Norveç’te açık hava anaokulları var. Günün
çoğunu nehir kenarında, ağaçlarda, kayalıklarda, bozkırda geçirdikleri bu anaokulunda
çocuklar çok mutlu. Saat başı aktiviteden
aktiviteye koşturulan şehir sisteminin aksine burada hayatı doğal bir akışla
öğreniyorlar. ‘Kötü hava yoktur, kötü
giyinmek vardır’, soğuk kuzey rüzgarlarının ülkesi Norveç’in bir deyimi. Öğretmenler
de buna gönülden inanıyor ve: ‘Bizler çocuklar
için rol modeliz; onların havaya ve hayata olan tutumlarını şekillendiririz.’
diyorlar. Veliler çocuklarının sanılanın aksine daha az hasta olduklarını, açık
havada güçlendiklerini söylüyorlar; bir iç mekanda tıkış tıkış durmadıkları
için enfeksiyon riskinin az olmasından da mutlular.
2006'da bir Unicef raporu, endüstri ülkeleri içinde en sağlıklı çocukları olan üç ülkeyi Hollanda, İsveç ve Danimarka olarak sıralamış. Türkiye'yi ise, 'Çocuğum üşüyecek' diye aklı çıkan annelere sahip, ama yine de en çok hasta olan çocukların ülkesi olarak ele almış olmalılar.

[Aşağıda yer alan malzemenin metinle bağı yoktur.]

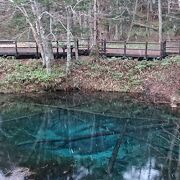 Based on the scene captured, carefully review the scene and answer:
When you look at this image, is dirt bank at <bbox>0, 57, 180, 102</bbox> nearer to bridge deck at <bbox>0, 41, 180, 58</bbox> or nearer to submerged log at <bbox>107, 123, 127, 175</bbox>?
bridge deck at <bbox>0, 41, 180, 58</bbox>

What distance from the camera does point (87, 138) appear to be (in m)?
13.9

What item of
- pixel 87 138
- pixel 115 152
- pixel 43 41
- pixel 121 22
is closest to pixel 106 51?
pixel 43 41

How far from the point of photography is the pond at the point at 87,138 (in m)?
11.1

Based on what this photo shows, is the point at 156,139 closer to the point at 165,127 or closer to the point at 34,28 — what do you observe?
the point at 165,127

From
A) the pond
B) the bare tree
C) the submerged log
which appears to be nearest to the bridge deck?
the bare tree

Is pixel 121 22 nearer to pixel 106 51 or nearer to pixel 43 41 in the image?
pixel 106 51

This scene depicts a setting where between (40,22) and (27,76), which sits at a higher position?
(40,22)

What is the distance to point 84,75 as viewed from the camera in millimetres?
21203

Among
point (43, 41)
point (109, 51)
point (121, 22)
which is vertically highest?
point (121, 22)

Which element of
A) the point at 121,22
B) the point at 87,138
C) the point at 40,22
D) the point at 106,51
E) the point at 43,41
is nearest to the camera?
the point at 87,138

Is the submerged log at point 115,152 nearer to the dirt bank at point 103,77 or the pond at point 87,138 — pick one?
the pond at point 87,138

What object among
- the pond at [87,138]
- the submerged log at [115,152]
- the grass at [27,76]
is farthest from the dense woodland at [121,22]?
the submerged log at [115,152]

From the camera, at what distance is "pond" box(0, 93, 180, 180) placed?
11.1 meters

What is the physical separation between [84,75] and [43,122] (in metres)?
6.13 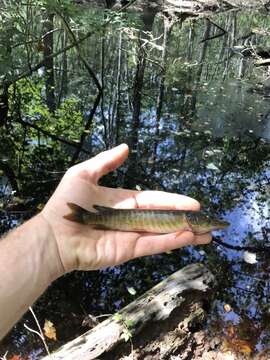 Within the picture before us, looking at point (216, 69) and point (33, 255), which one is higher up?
point (33, 255)

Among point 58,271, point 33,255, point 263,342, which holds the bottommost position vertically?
point 263,342

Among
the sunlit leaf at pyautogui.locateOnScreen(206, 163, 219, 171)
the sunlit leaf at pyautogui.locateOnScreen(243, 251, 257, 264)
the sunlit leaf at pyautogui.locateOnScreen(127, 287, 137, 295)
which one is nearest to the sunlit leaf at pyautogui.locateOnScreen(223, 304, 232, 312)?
the sunlit leaf at pyautogui.locateOnScreen(243, 251, 257, 264)

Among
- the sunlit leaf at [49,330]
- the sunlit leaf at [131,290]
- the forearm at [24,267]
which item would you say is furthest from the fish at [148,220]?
the sunlit leaf at [131,290]

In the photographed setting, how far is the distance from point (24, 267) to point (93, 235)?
60 cm

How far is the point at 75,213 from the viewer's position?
10.3 feet

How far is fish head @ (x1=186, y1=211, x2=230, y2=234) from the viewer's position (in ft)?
10.6

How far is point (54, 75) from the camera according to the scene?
13.4 m

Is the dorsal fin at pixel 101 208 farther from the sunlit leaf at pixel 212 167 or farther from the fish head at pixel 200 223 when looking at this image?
the sunlit leaf at pixel 212 167

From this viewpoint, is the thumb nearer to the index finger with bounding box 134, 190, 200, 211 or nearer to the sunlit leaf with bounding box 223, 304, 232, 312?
the index finger with bounding box 134, 190, 200, 211

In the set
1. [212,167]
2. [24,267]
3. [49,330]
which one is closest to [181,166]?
[212,167]

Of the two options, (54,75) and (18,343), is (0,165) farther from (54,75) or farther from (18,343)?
(54,75)

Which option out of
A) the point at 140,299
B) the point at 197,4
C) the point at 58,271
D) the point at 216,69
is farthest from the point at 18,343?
the point at 197,4

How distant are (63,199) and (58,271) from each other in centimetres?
54

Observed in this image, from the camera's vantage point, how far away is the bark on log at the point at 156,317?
12.7 feet
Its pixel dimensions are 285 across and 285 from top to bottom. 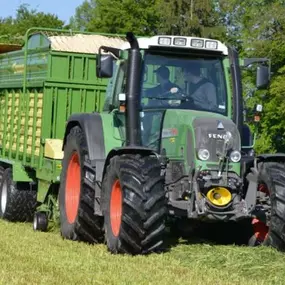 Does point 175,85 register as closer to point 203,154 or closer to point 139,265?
point 203,154

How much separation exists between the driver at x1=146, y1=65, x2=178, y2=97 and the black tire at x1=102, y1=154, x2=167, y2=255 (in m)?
1.07

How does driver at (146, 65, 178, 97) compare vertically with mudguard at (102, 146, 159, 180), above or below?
above

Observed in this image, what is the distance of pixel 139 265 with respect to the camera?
28.0 ft

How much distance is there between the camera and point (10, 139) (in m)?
15.1

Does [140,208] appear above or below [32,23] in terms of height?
below

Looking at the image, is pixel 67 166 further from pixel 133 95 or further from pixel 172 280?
pixel 172 280

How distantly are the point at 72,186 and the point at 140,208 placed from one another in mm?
2295

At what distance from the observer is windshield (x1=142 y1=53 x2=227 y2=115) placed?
10.2 m

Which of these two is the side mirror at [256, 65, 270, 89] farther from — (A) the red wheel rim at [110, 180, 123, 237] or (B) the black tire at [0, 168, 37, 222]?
(B) the black tire at [0, 168, 37, 222]

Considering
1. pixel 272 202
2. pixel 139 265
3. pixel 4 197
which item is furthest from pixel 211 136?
pixel 4 197

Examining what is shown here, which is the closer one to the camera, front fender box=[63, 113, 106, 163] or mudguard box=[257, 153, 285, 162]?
mudguard box=[257, 153, 285, 162]

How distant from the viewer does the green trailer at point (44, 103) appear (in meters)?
12.9

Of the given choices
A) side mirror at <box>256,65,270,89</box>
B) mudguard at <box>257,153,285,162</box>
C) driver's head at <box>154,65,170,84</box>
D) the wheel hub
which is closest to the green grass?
mudguard at <box>257,153,285,162</box>

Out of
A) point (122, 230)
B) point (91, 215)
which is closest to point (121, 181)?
point (122, 230) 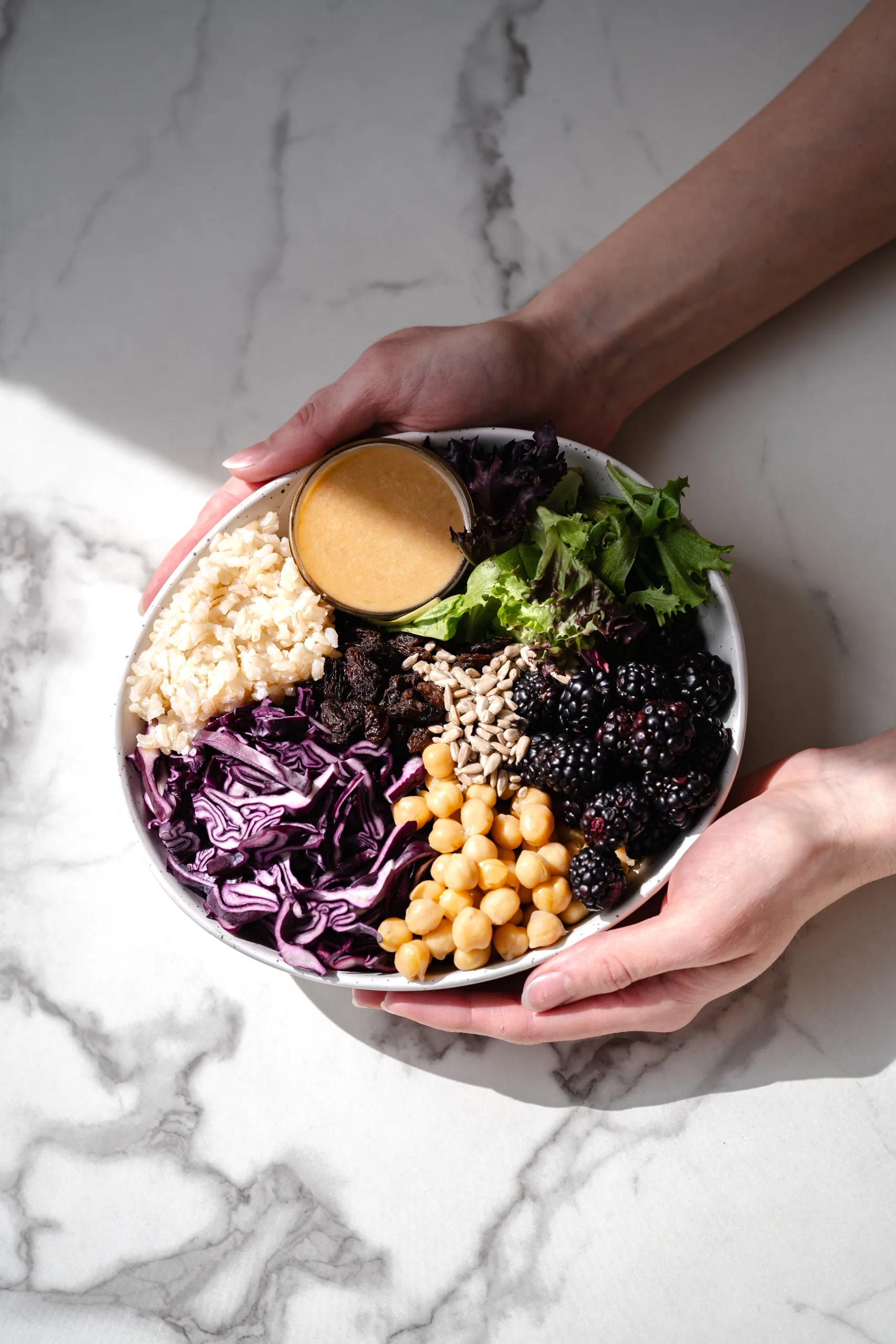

Bağışıklık sisteminin 'soğuk'la olan ilişkisi hakkındaki inanç ve bulgularımın, serideki ilk sonuna geldim. Sonraki bölümlerde Rusya'nın çılgın uygulamalarına, soğuğun neden sistemi güçlendirdiğinin geyikten öte nedenlerine, çocuk doktorlarıyla olan sıcak sohbetlere yer vereceğim.